With her heart carved out, Fremy very nearly died on the spot, but number seventeen glued its body to her to plug the open hole in her chest. 
Its ability was more like repair of the body than healing. Fluid spewed from its body could transform into flesh for the target fiend. It dammed the gushing blood from the gaping hole in Fremy’s chest in a heartbeat, then went to repairing her shredded heart. 
That was when number seventeen’s eyes lit on the red mark on Fremy’s chest. It knew that mark. 
Number seventeen was not in Tgurneu’s confidence; it didn’t know who the seventh was or for what purpose Fremy had been created, either. 
But it did know about the chain death. 
It had been about fifty years earlier, long before Fremy was born, when Tgurneu had summoned number seventeen. At that time, Tgurneu had still been using the body of the three-winged fiend. It told number seventeen then about a fiend with a strange power. It was a chain-death fiend with the ability to kill another fiend instantly the moment a different, designated fiend died. It had seemed impossible to understand how such an ability might be used, no matter how you twisted your brain. 
Tgurneu had said it was currently researching the chain-death ability in depth. Could the ability be undone with the power of a Saint? Could it be undone with a fiend’s ability? If so, how could that be prevented? 
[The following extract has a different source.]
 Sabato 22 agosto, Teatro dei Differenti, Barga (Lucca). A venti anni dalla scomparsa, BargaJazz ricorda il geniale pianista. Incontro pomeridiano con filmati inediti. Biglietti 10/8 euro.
“This chain-death ability will be an important element in our coming battle with the Braves of the Six Flowers,” Tgurneu had said. “I must eliminate even the slightest possibility of it being undone. I must use all means at my disposal to perfect it. And I need your help in this research.” 
Number seventeen had had no choice. It had accepted the order. 
The chain-death fiend would extract a very small part of the designated fiend’s body; then, after modifying the flesh, it would transplant it into the body of a different fiend. This extracted flesh would assimilate into the recipient, becoming part of it.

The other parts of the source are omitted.